共働きを前提に住宅を購入すること自体は、一つの合理的な選択です。

重要なのは、共働きが一時的に崩れたときの対応策があるかです。

  • 十分な現金がある
  • 数年後には復職する予定
  • 生活費を一定程度調整できる
  • 住宅ローン以外の借入れが少ない

などの余裕があれば、一時的な収入減に対応しやすくなります。

反対に、夫婦二人がフルタイムで働き続けなければ毎月赤字になる家計なら、契約前に住宅予算をもう一度考える価値があります。

住宅ローン6000万円の関連記事

住宅ローン6000万円で片働きについてよくある質問

住宅ローン6000万円は片働きでは無理ですか?

6000万円という借入額だけでは判断できません。片働きになった後の収入、家族構成、生活費、貯蓄、管理費・修繕積立金などによって負担感は異なります。

共働き前提で6000万円借りるのは危険ですか?

共働き前提だから危険というわけではありません。ただし、どちらかの収入が一時的または長期的に減った場合でも対応できる貯蓄や家計余力があるか確認しておくことが重要です。

片働きになった場合、まず何を確認すればいいですか?

片働き後の手取り収入から、住宅ローン、管理費・修繕積立金、生活費、教育費を差し引き、毎月の収支と貯蓄余力を確認します。

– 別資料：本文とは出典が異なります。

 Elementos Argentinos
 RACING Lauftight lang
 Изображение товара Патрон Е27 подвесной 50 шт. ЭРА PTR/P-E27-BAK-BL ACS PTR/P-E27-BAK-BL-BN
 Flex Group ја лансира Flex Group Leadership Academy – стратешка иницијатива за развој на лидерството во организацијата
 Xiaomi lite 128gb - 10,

片働きになる可能性があるなら住宅予算を下げた方がいいですか?

片働きシミュレーションで毎月赤字になったり、貯蓄を長期間取り崩す必要があったりする場合は、借入額や物件予算を見直すことも選択肢になります。

まとめ|6000万円ローンは「共働きなら払える」だけで決めない

住宅ローン6000万円を共働き前提で組んだあと片働きになると、住宅ローン額は変わらなくても、家計に占める住宅費の割合は大きく上昇します。

その結果、

  • 貯金できなくなる
  • 生活費を削る
  • 教育費との両立が難しくなる
  • 車を買い替えにくくなる
  • 老後資金が後回しになる

可能性があります。

重要なのは、片働きになっても今と同じ生活を完全に維持できるかではありません。

一時的な収入減なら貯蓄で対応できるのか、長期的な片働きなら一馬力家計でも住宅費と生活費を維持できるのかを確認することです。

「共働きなら6000万円を返せる」ではなく、「共働きが崩れたときにも家計を立て直せる6000万円か」を考える。

この視点で契約前に資金計画を確認することが、住宅ローン6000万円で購入後の後悔を減らすための重要なポイントです。